Is this algebra a simple ring?

Question

Is the algebra $ \mathcal{M}_{3} ( \mathbb{C} [X,Y,Z] ) $ a simple ring (a simple algebra)?

$ \mathcal{M}_{3} ( \mathbb{C} [X,Y,Z] ) $ is the matrix algebra over $ \mathbb{C} [X,Y,Z] $. Thanks a lot for your help.

Answer 1

If $R$ is a ring, then there is a bijection between the set $\mathcal{I}(R)$ of (bilateral) ideals of $R$ and the set $\mathcal I(M_3(R))$ of ideals of $M_3(R)$. In particular, if $R$ is not simple, then neither is $M_3(R)$.

The bijection is the "obvious" one: if $I$ is an ideal in $R$, then the set $M_3(I)$ of matrices of $M_3(R)$ with all its entries in $I$ is an ideal of $M_3(I)$, and this correspondence gives us a function $$I\in\mathcal I(R)\mapsto M_3(I)\in\mathcal I(M_3(R))$$ and you should prove that this is a bijection.

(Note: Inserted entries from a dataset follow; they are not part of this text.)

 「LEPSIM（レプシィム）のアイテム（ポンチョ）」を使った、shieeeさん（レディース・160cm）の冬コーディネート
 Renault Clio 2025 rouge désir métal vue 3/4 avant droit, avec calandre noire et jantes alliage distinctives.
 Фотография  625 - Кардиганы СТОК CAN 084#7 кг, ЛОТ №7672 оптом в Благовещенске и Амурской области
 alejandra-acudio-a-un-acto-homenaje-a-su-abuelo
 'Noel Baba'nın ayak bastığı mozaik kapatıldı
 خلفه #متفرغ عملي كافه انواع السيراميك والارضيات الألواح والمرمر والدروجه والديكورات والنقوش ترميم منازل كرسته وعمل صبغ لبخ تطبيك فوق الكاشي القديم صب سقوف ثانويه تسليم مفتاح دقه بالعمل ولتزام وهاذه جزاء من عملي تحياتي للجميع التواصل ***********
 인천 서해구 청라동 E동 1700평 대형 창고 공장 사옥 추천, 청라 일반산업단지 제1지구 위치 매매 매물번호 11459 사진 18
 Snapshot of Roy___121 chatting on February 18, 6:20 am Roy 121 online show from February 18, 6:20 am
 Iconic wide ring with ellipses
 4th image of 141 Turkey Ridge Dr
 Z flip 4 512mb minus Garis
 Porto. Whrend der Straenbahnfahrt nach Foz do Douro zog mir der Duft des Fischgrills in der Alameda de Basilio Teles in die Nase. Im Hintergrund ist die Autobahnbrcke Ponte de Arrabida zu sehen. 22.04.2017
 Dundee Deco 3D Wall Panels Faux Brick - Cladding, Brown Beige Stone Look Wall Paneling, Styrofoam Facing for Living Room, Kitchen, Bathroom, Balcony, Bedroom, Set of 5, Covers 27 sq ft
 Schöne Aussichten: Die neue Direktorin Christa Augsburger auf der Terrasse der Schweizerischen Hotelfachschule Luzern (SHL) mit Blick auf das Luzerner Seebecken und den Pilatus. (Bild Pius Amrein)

Later. You originally asked whether $M_3(\mathbb C[X,Y,Z])$ was a simple ring, and now you edited the question to ask instead if it is a simple algebra. The answer to both questions is the same: if $R$ is a commutative ring and $A$ is a unitary $R$-algebra, then a bilateral ideal of $A$ viewed as a ring is the same thing as a bilateral ideal of $A$ viewed as an $R$-algebra.